Bayangkan, berapa banyak dosa yang mesti ditanggung para pengdengki. Ketika ia mendengki, ia telah menanggung dosa. Ketika ia meluapkan perasaannya dalam bentuk ucapan atau isyarat tubuh, ia mendapat tambahan dosa. Ketika ia melakukan fitnah dan menggunjingkan orang lain, bertambah lagi dosanya. Apalagi jika berlanjut hingga sampai pada tindakan negatif, berupa permusuhan. Inilah dosa yang berlipat ganda.

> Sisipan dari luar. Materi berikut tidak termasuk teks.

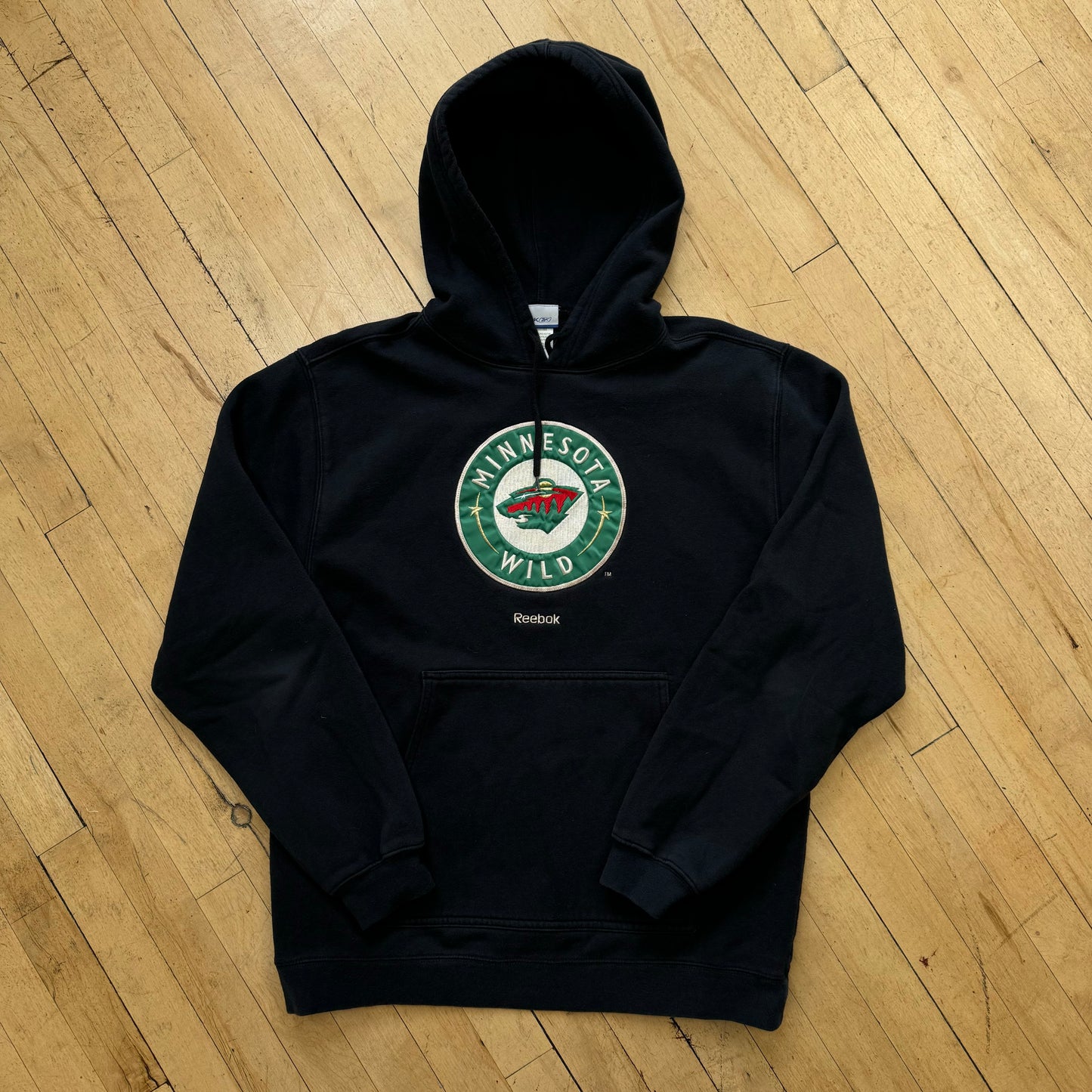 Vintage Reebok Minnesota Wild Hoodie Sz L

Mengingat bahayanya para pendengki itu, Allah mengajarkan kepada kaum Muslimin untuk melazimkan membaca surat Al-Falaq, khususnya pada saat-saat menjelang tidur atau menjelang malam. Pada surat itu ummat Islam bermohon kepada Allah agar dilindungi dari tindakan negatif musuh-musuhnya, yang salah satunya adalah para penghasud.

Katakanlah: “Aku berlindung kepada Tuhan yang menguasai subuh, dari kejahatan makhluq-Nya, dan dari kejahatan malam apabila telah gelap gulita, dan dari kejahatan wanita-wanita tukang sihir yang menghembus pada buhul-buhul, dan dari kejahatan orang yang dengki apabila ia dengki. (Al-Falaq: 1 5)

Ayat ini secara gamblang menunjukkan bahwa para pendengki itu tidak hanya membahayakan dirinya sendiri, tapi juga membahayakan orang lain. Bahkan bahayanya setingkat dengan bahaya yang ditimbulkan oleh para tukang sihir, juga bahaya yang ditimbulkan orang-orang yang berbuat jahat di malam hari.

Jika para pendengki itu orang awam mungkin saja bahayanya bisa diminimalkan. Akan tetapi jika yang menjadi pendengki itu adalah orang-orang yang memiliki pengaruh, tokoh, pemimpin, ulama atau orang-orang yang memiliki otoritas keilmuan dan keahlian, maka dapat dipastikan bahaya yang ditimbulkannya pasti besar. Korbannya tidak sedikit, dan tentu rehabilitasinya juga tidak gampang.

Itulah sebabnya, Nabi tidak membiarkan Abbas, sang penyair itu menjalankan aksinya secara bebas. Mulutnya harus segera dibungkam, dan lidahnya harus dipotong. Untuk memotong lidahnya, Nabi punya cara, dan kita perlu menirunya. [diambil dari Majalah Hidayatullah/Abu Saif/www.hidayatullah.com]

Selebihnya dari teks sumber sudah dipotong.